For this exercise, return exactly the lines of the material below that begin at the one with "A2532404 BLK 3" and stop after the one with "Foto del edificio - 7345 Boysenberry Ln N".
(Records for this exercise begins)
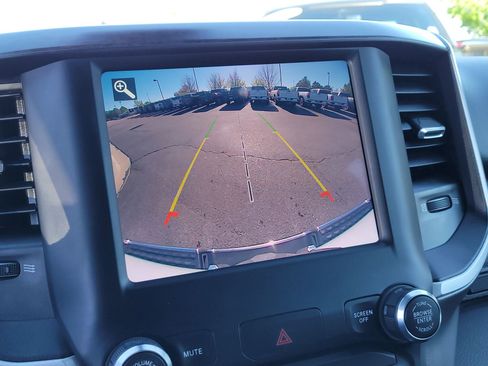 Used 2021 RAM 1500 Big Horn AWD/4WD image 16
(Records for this exercise ends)
(Records for this exercise begins)
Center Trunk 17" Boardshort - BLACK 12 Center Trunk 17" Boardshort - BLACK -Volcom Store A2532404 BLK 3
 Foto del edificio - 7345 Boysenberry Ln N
(Records for this exercise ends)
(Records for this exercise begins)
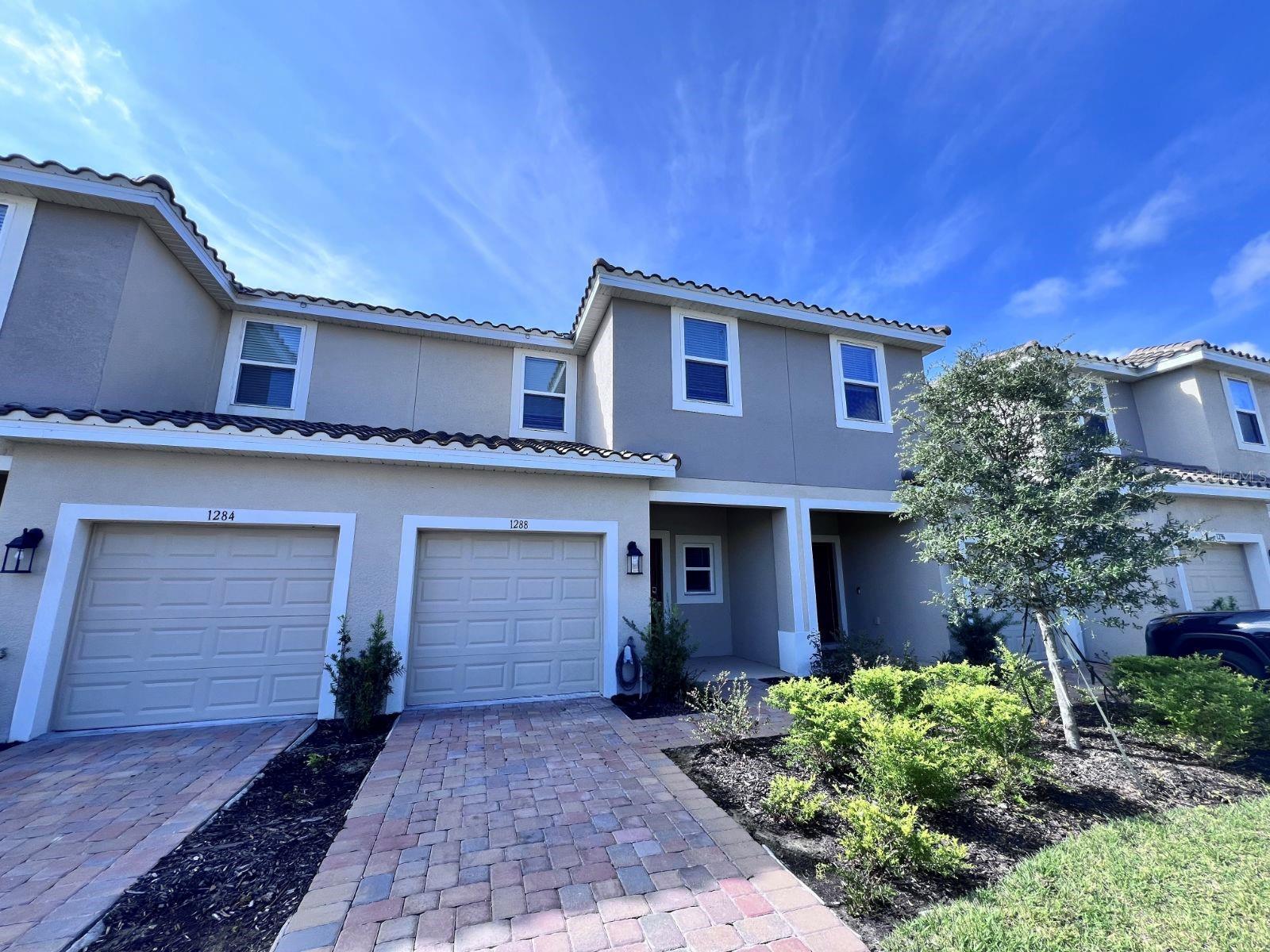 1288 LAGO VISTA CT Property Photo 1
(Records for this exercise ends)
* Worked solution:
Center Trunk 17" Boardshort - BLACK 12 Center Trunk 17" Boardshort - BLACK -Volcom Store A2532404 BLK 3
 Foto del edificio - 7345 Boysenberry Ln N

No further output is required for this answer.